Na vivência corporal, os educandos conheceram e aprenderam a ginga, algumas esquivas e ataques básicos, além dos deslocamentos por meio dos aús – conhecido popularmente por estrela. “No início alguns alunos apresentaram certo grau de inibição, mas no decorrer das aulas ela foi deixada de lado e a curiosidade em explorar as capacidades físicas e coordenativas foi ganhando espaço”, conta Kaled.

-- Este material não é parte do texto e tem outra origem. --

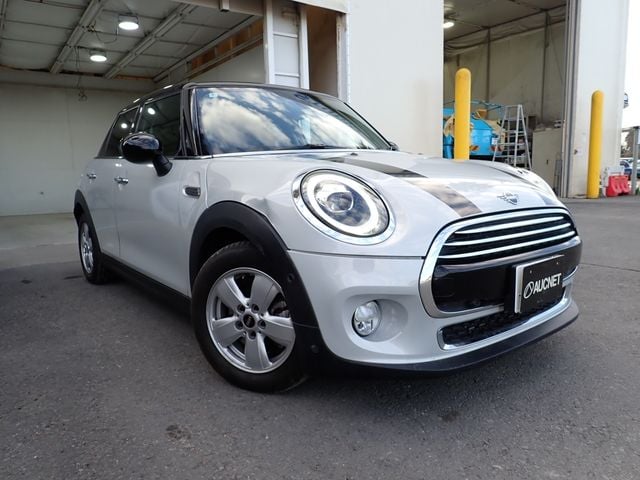 BMW MINI COOPER 5DOOR 2018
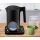 Medion LIFE Digitaler Wasserkocher MD12106 (schwarz, 2.200 Watt, 1,5 Liter)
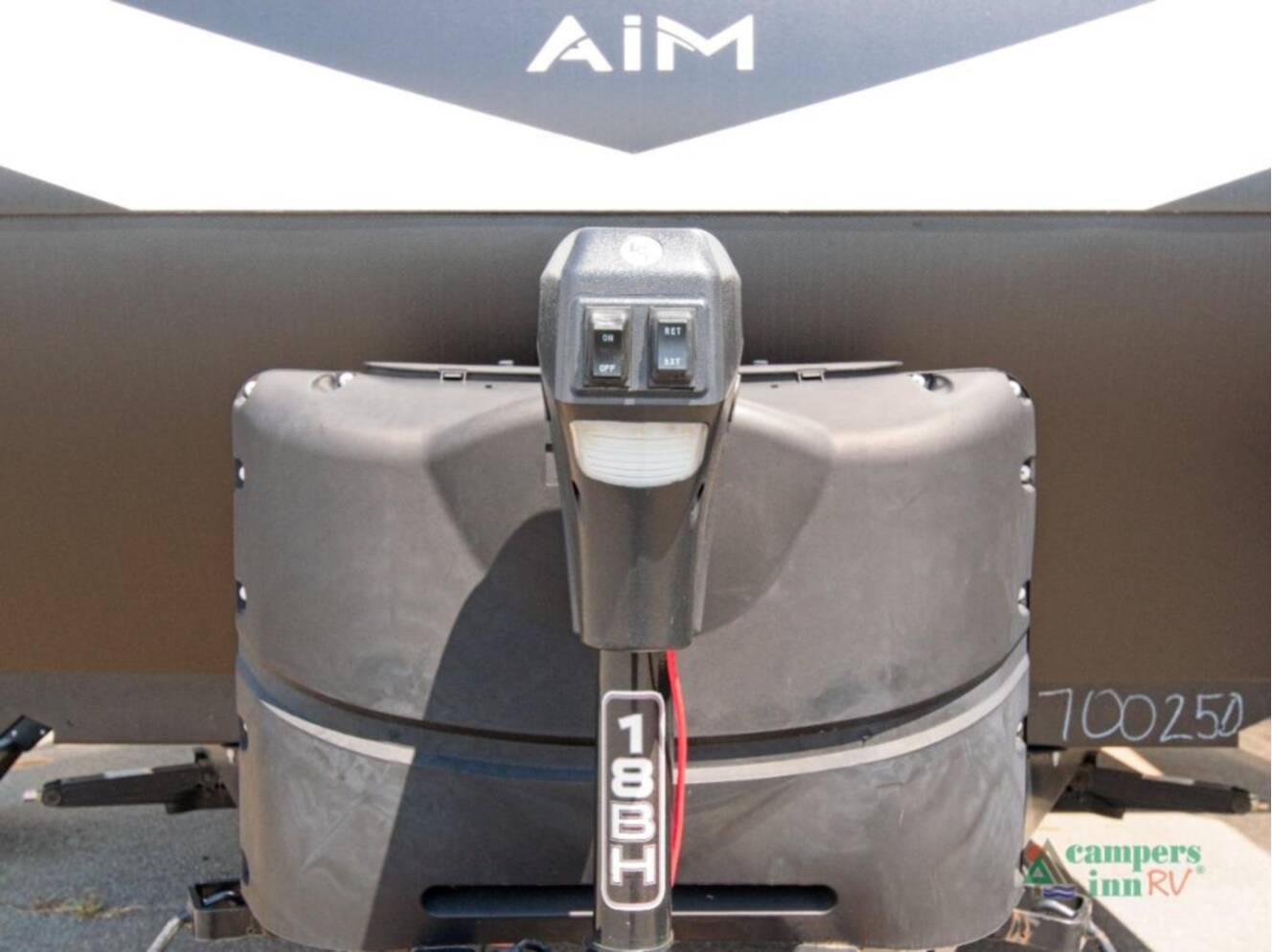A photo of this 2023 Grand Design Imagine AIM 18BH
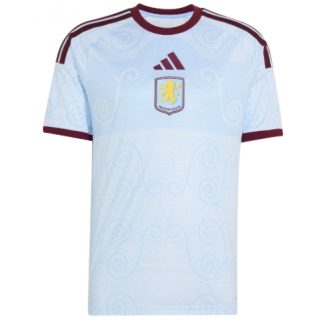 Köpa  Kortärmad Aston Villa Fotbollströja Herr 2026/27 – Svart Bortatröja  på nätet 2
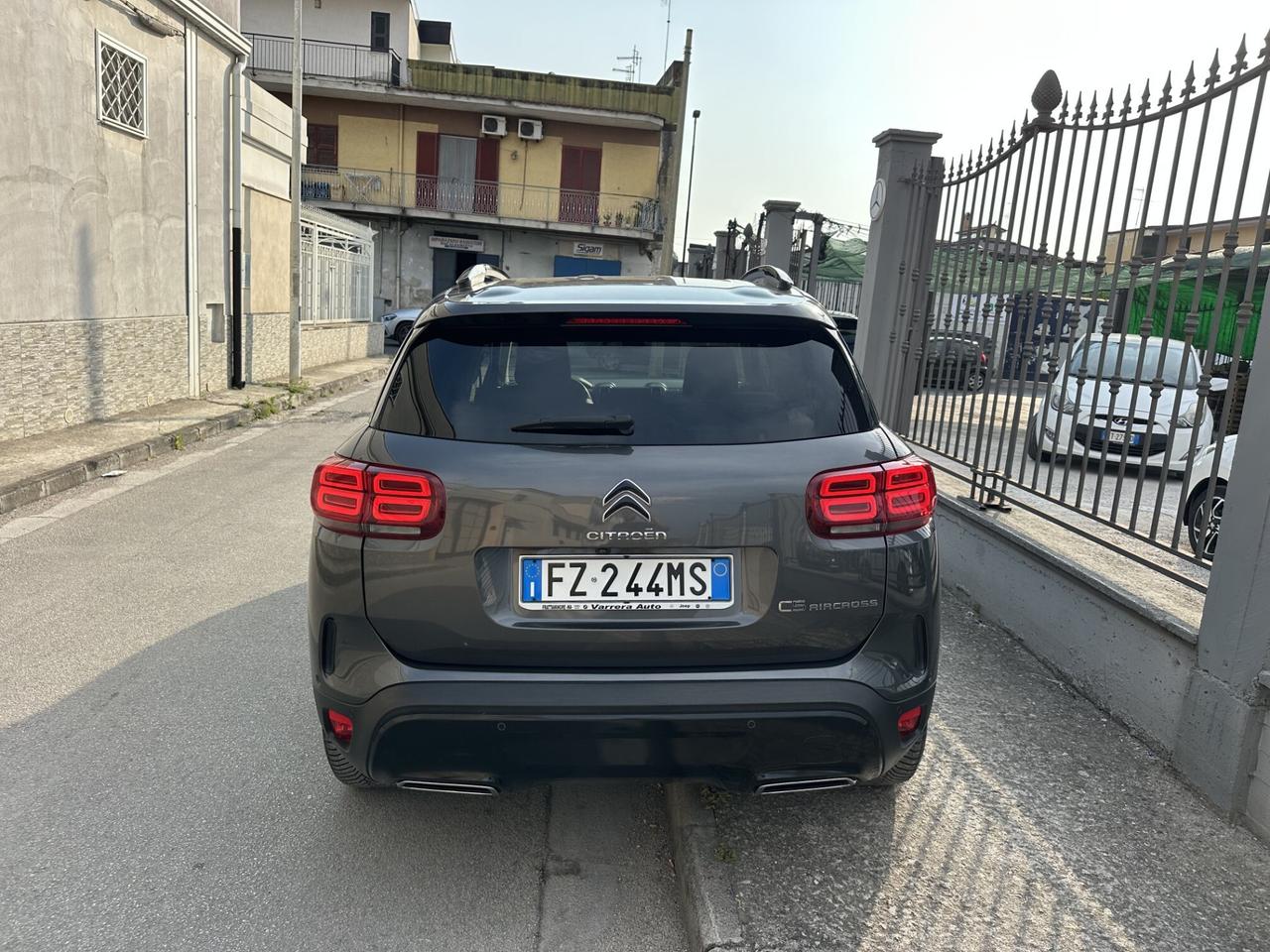 Citroen C5 Aircross Shine 1.5 D 130 Cv 2019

Mas o projeto ia muito além da prática. Para a semana alusiva à Abolição da Escravatura, os alunos do 4º ano produziram um varal pedagógico, com exposições orais e palestra sobre o tema “Diversidade Cultural e a Figura do Ancião dentro das Comunidades Africanas”. Houve ainda projeção de vídeo, roda de conversa sobre religião e tolerância, vivência instrumental, aula teórica de capoeira entrelaçando o tema: Respeito e Preservação do Patrimônio Cultural Brasileiro e visita às Ruínas do Engenho de São Jorge dos Erasmos, monitoradas por educadores da Universidade de São Paulo (USP). Atividades que fizeram deste, um projeto interdisciplinar e inesquecível para todos os envolvidos.

Para a semana do Dia do Capoeirista, bem como na última aula do trimestre, foram realizadas rodas de capoeira pelos próprios educandos, eles tocaram os instrumentos, jogaram capoeira e responderam ao coro das cantigas cantadas pelo professor. Se no início do trimestre era comum ver risos ou chacotas daqueles mais desengonçados, com o passar das aulas notou-se uma mudança gradual e progressiva nas relações por meio de atitudes e comportamentos solidários e afetuosos.

“Como os próprios educandos descreveram, foi um desafio. Um desafio que exigiu a participação e a dedicação de todos para atuarem coletivamente, a crença de que todos são capazes, a superação em melhorar o que sabem fazer e a segurança em colocar o aprendizado em prática” conta com orgulho o professor.

Atualmente Kaled continua na coordenação do projeto, agora no formato de curso extracurricular. Para esse ano a Coordenação Pedagógica do colégio propôs uma proposta interdisciplinar em conjunto com os professores de Informática e de Ciências, de nome “Prova e Comprova”. Quem sabe Kaled não conta essa experiência em uma próxima edição? Desejamos sucesso!